This is so easy and you can make as many as you like to take to work or to have as a snack.

Ingredients

4 Whole wheat tortilla shells
2 cups cooked and diced chicken
1 cup chopped celery
¼ cup diced green onions
½ cup seedless grapes (cut in half)
2 tbsp. mayonnaise

Mix everything together in a bowl and spoon the mixture lengthwise into the center of the wrap. Roll the wrap and enjoy!

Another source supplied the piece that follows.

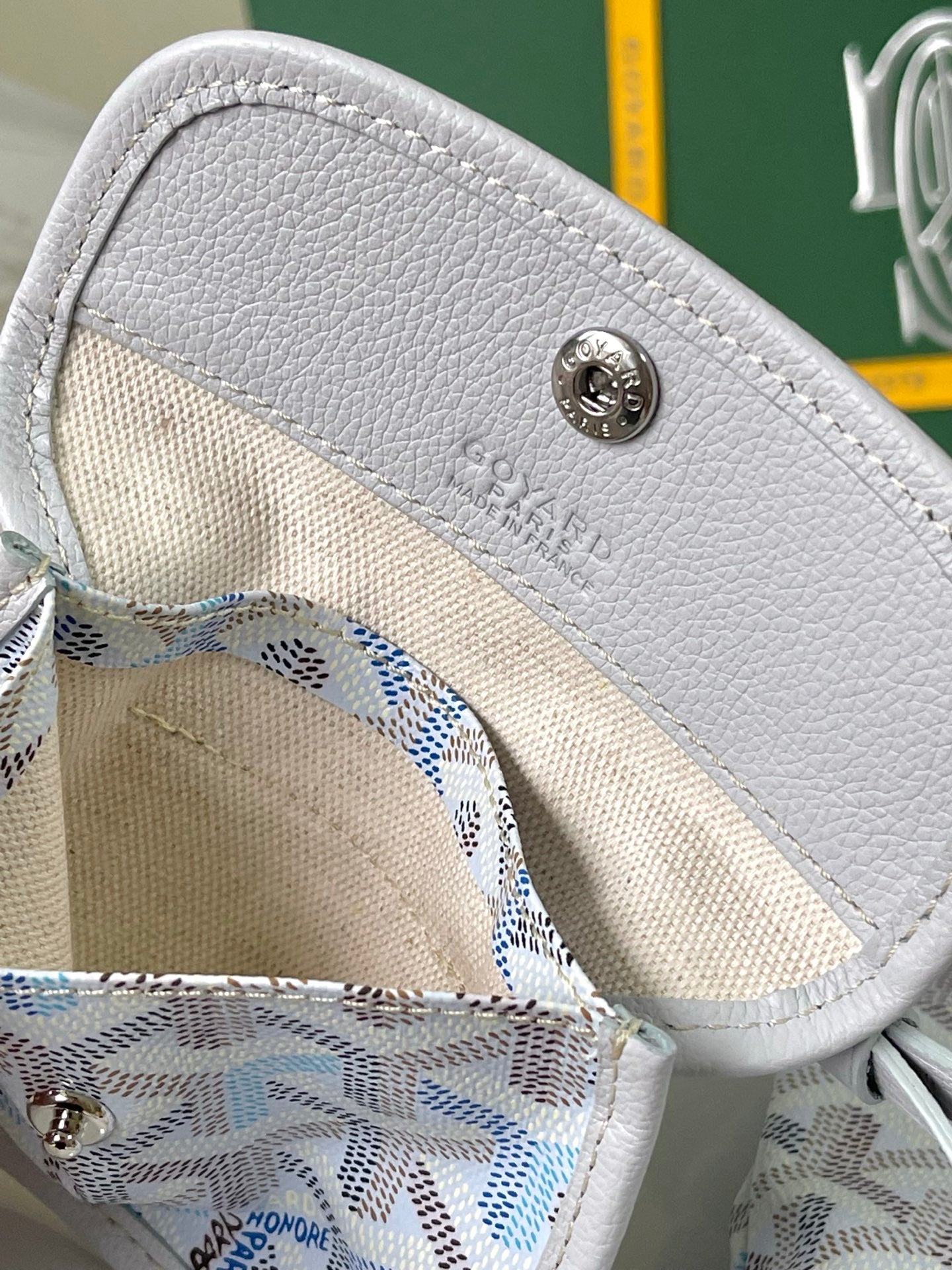 Light blue monogram bag end panel with white leather flap and round logo button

This makes 4 wraps, alter the amounts to make as few or as many as you want.

Couscous Salad

This can be made ahead to have ready for dinner, lunch or a snack. Add a breast of chicken and have as a complete meal!

Ingredients

2 cups couscous (or 1 box found in the organic aisle-try the spinach lemon)
2 cups water
1 diced red pepper
1 diced yellow pepper
1 diced green pepper
1 diced tomato
¼ cup diced green or white onions
½ crumbled feta
3 tbsp. flax seed oil
½ lemon
1 tsp. dried basil or 2 tbsp. fresh basil

Boil 2 cups of water in a saucepan.
Add the couscous.
Remove from heat and cover for 5 minutes.
Fluff with fork and transfer to a bowl.
Add all remaining ingredients, stir together and refridgerate to cool.

Brown rice and Bean Salad

This couldn’t be easier!

Ingredients

2 cups of cooked brown rice.
1 can of marinated bean salad (found in the bean or organic aisle)
¼ cup diced green onions
½ cup diced tomatoes
Parmesan cheese
3 tbsp. Balsamic vinegar

Mix the beans and rice together. Mix in balsamic vinegar. Add in green onions and tomatoes. Top with parmesan cheese. Enjoy!

Superfood Smoothie

Choose a green powder that is made from organic whole foods and features high chlorophyll foods such as wheatgrass, spirulina, and barley greens.

Ingredients

1 cup (250 ml) soy, rice, grain or almond milk
1/3 cup (160 ml) frozen berries
1 small fresh or frozen banana
2 tsp Greens powder
1-2 Tbsp ground flax seed or flax oil
½ tsp tahini (found in natural food section with the nut butters)
½-1 cup filtered water or juice

Blend all ingredients together in a blender. Drink and enjoy each morning or at any time of the time of the day!

Berry Breakfast Wrap

Using natural nut butter, such as almond butter is recommended for this recipe. Almond butter adds protein, good fats and calcium.

Ingredients

1 cup (250 ml) granola
1 cup (250 ml) yoghurt (Bio-best or Activia are the best brands found in most grocery stores)
2 Tbsp almond butter
1 banana
1 tsp honey or maple syrup
½-1 cup berries
2 x 10 inch whole wheat tortillas

In a large bowl, combine the yoghurt, granola, maple syrup and banana. Fold in the berries. Divide the nut butter between the tortillas and spread over each. Leave a 1 inch border around the edge.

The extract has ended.